4 billion stars

Elite Dangerous has 4 billion+ stars. Cool concept, and as a programmer I can see how the tech behind that would be neat to develop. But I sort of feel there should have been a meeting where a designer stood up and slammed his fist onto the table and said “NO! That’s stupid”. “Cool” does not automatically translate into “fun”; “cool” is a few degrees from “cold”.

The engine doesn’t have that great of a repertoire so it’s really not 4 billion distinctly unique systems. Not even millions of exciting combinations.

WWIIOL made a similar mistake – played on a half-scale map of Europe, the largest map of any game at the time. It had only a hundred towns because they were man hour intensive to build.

It’s a mistake to think that all that empty space will somehow feed the player’s imagination. When text games still ruled the earth and curmudgeonly developers were decrying this idea of graphics, they weren’t entirely wrong.

The brain is a pattern engine and play is all about patterns. So it’s no surprise that players tend to find patterns and do it quickly and given a half-scale Europe represented by 16 tiles, what they quickly come to recognize is a series of repeating tiles…

So ED’s “4 billion stars”, given the current repertoire of stars and planets, is good for a couple of weeks or months of exploration before players begin to see “yellow star, red star, gray thing with rings”. Once they reach that, the 4 billion stars collapses into a central core of “gameplay” and an outer shell of “tedious, why the hell is that there? can I uninstall that part? will my computer run faster?”

So not only do I think that the 4 billion stars was maybe unnecessary overkill, I could see myself reading a Post Mortem in a future “Game Developer” magazine with Michael Brookes saying “well, we should totally have just had a few hundred thousand stars. A billion was a million too many, never mind 4 billion”.

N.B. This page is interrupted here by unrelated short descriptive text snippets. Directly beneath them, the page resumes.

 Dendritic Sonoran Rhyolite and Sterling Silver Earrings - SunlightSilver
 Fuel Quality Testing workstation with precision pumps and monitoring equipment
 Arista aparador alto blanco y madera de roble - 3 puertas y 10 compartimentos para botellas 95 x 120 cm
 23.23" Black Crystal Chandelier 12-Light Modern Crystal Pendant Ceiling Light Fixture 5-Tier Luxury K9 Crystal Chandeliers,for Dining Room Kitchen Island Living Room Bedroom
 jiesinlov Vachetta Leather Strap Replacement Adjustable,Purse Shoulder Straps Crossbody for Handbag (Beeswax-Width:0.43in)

It’s worth noting that, right now, there are just stellar bodies, and while they’re fairly varied you can’t get close enough for them to be all that interesting. Honestly, I’d rather look at 2d pictures of real moons and planets than at lower-res 2d pictures of simulated moons and planets that, wait a second, look a lot like someone photoshopped photos of aforementioned real moons/planets to look a little less like themselves.

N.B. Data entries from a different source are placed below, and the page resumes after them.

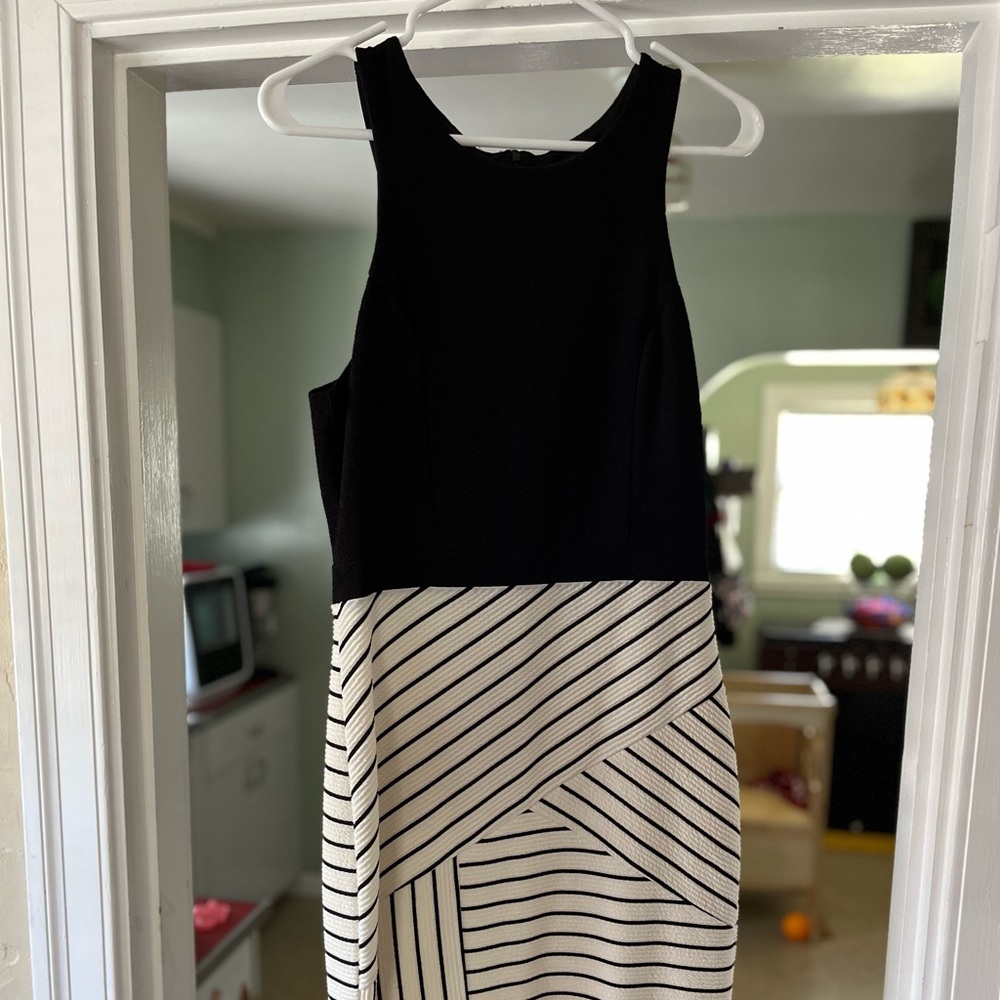Lulu's black with stripes Bodycon dress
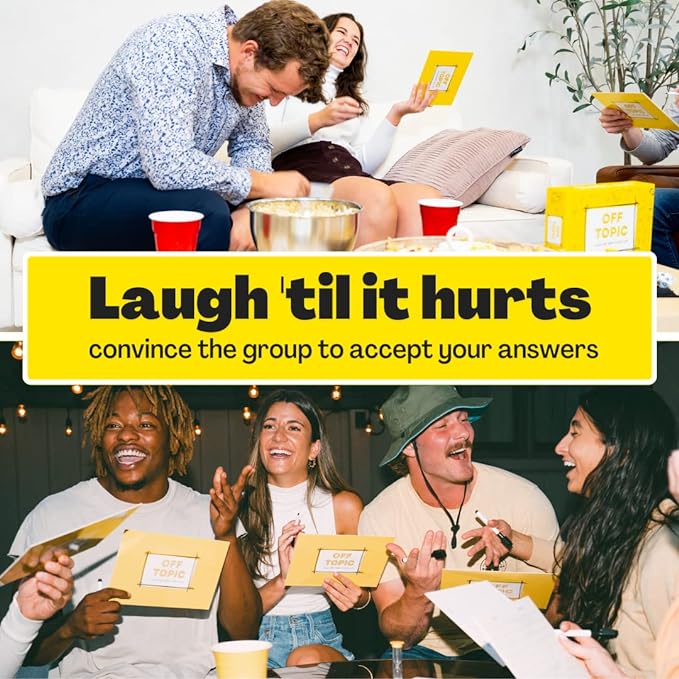 OFF TOPIC Party Game for Adults - Fun Adult Board Games for Groups of 2-8 Players - Hilarious Game Night Card Game for Friends, Family & More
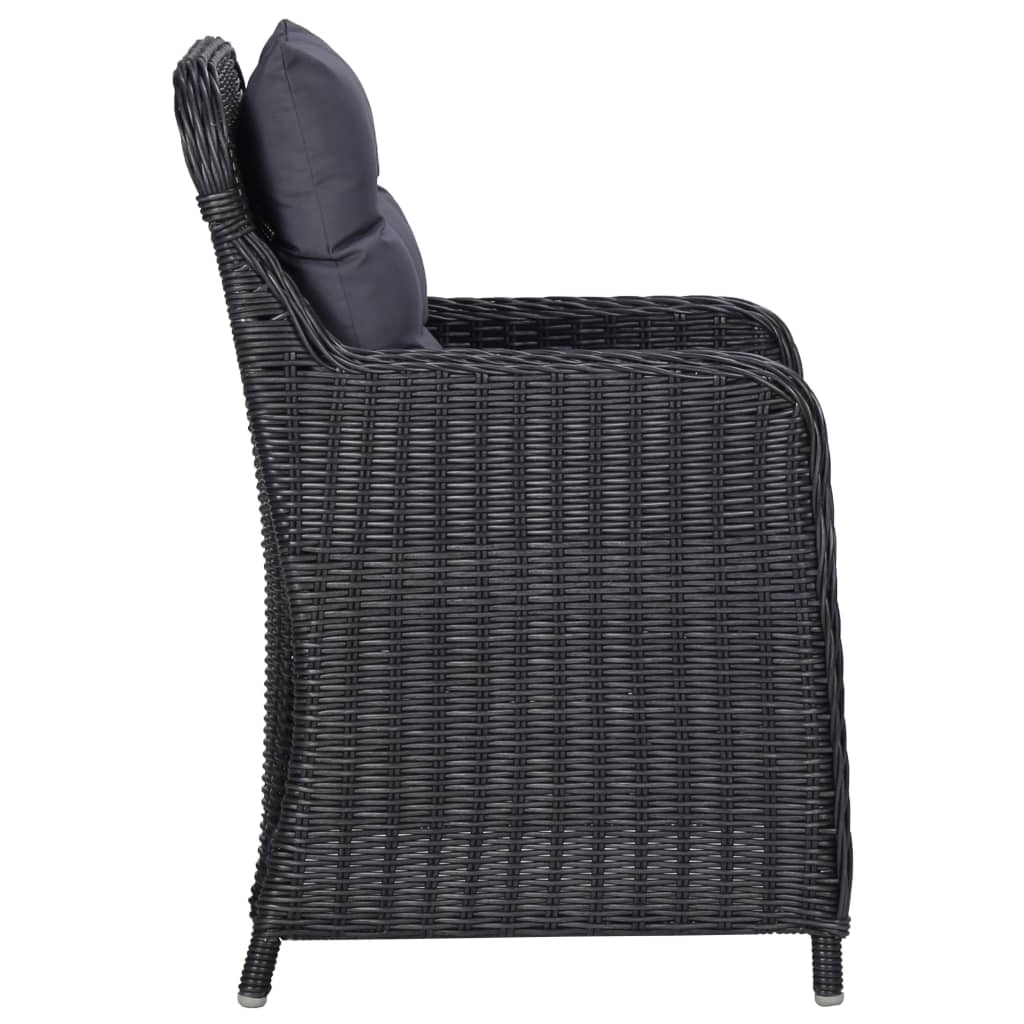 vidaXL 7 Piece Patio Dining Set Poly Rattan Black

Although you can stumble across some potentially exciting configurations such as a star that’s a light second from a black hole, there’s no “simulation” going on or any fancy animations so … what you’ll see is a star (black hole is black).

There’s been past talk of allowing players to go to the surface of planets in ED, but … hmm, seriously, who is the target audience for that on an ongoing basis? Is it going to be a level of detail where you could get down on the ground and see unique species of plants with a type of leaf you’ve never seen before?

Or will you be seeing a vague flora color from a few hundred feet above the ground? If it’s the former, then you could spend years just observing a significant portion of ONE planet, so whats the point of 4 billion of them? The latter is just going to be repetitive and lose everyone’s interest within a month or less…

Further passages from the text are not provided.